Computer vision systems seek to recover properties of the physical world from measurements of reflected light. To do so, they must solve ill-posed estimation problems by leveraging the statistical structure present in natural scenes. In the first part of the talk, I will introduce a new inference framework that can efficiently reason with different notions of spatial structure, at different scales and over different regions across the visual field. This allows the accurate recovery of continuous-valued maps of scene properties---depth, surface orientation, reflectance, motion, etc.---from image data. Specifically, I will describe a method that uses this framework to estimate scene depth from a single image, by training a neural network to produce dense probabilistic estimates of different elements of local geometric structure, and harmonizing these estimates to produce consistent depth maps.

Bio: 

Ayan Chakrabarti is currently a Research Assistant Professor at the Toyota Technological Institute at Chicago. He completed his PhD. in Engineering Sciences from Harvard University in 2011, advised by Prof. Todd Zickler, and was a post-doctoral fellow at Harvard from 2011-14. Dr.
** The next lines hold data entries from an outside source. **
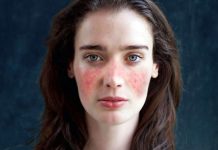 Lupus, bağışıklık sisteminin vücudun kendi dokularına karşı yanlışlıkla savaş açtığı otoimmün bir hastalık olarak bilinir. Bu hastalık özellikle genç kadınlarda görülür ve tüm dünyada milyonlarca insanı etkiler. Bağışıklık sistemi, normalde vücuda dışarıdan giren bakteri, virüs veya zararlı mikroorganizmalara karşı bir savunma mekanizması olarak çalışırken, lupus hastalığında bu sistem kendi organlarını hedef alır. Bu durum çeşitli organ ve dokularda iltihaplanma ve hasara neden olur. Konulu bir haber görseli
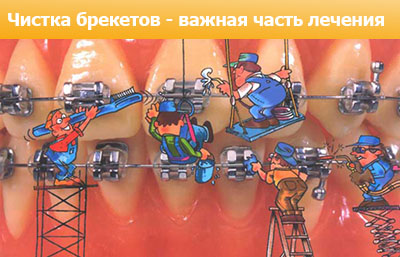 Чистка брекетов и зубов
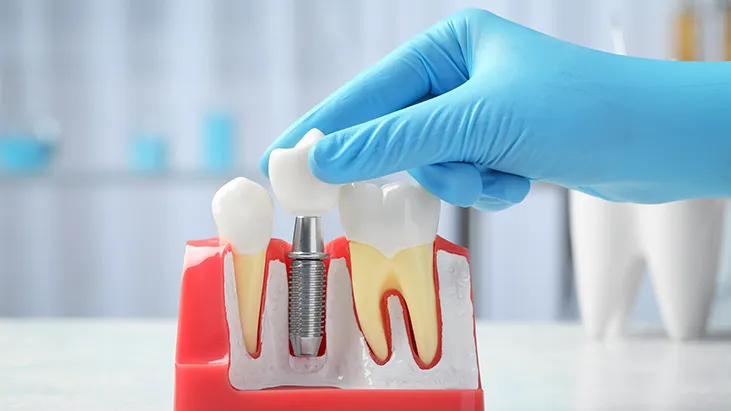 Ankara İmplant Fiyatları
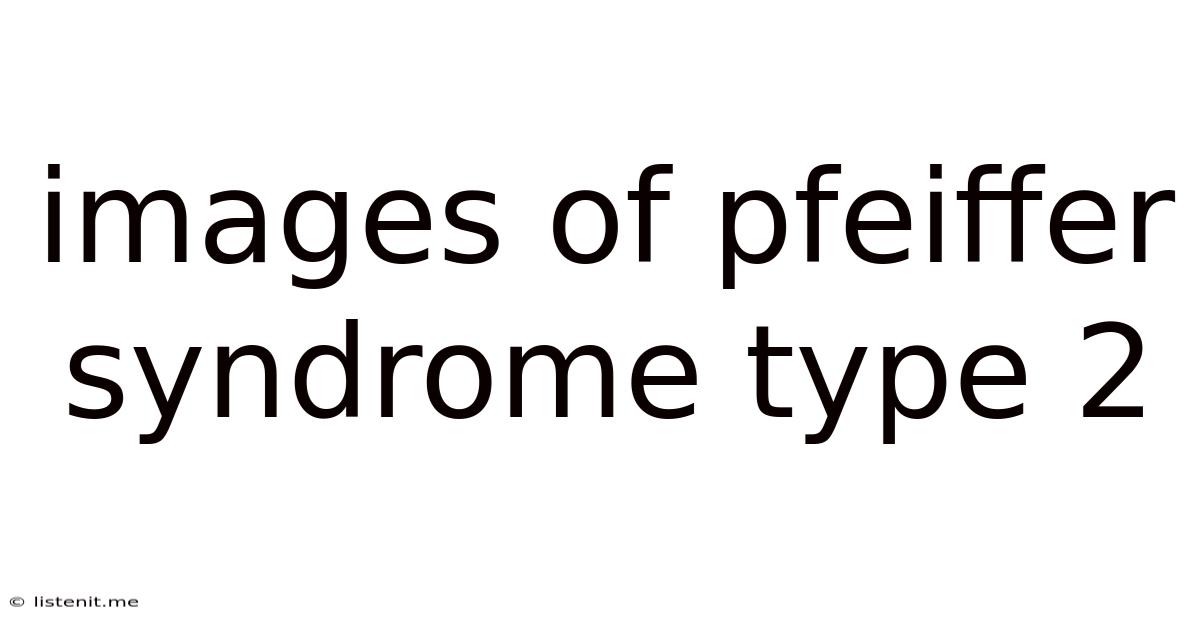 Images Of Pfeiffer Syndrome Type 2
Chakrabarti works on applying tools from machine learning to problems in computer vision and computational photography---dealing with the design of accurate and efficient algorithms for visual inference, and of new kinds of high-capability sensors and cameras. His research seeks solutions to these problems by considering both the physics of image formation, and the statistics of natural images and scenes.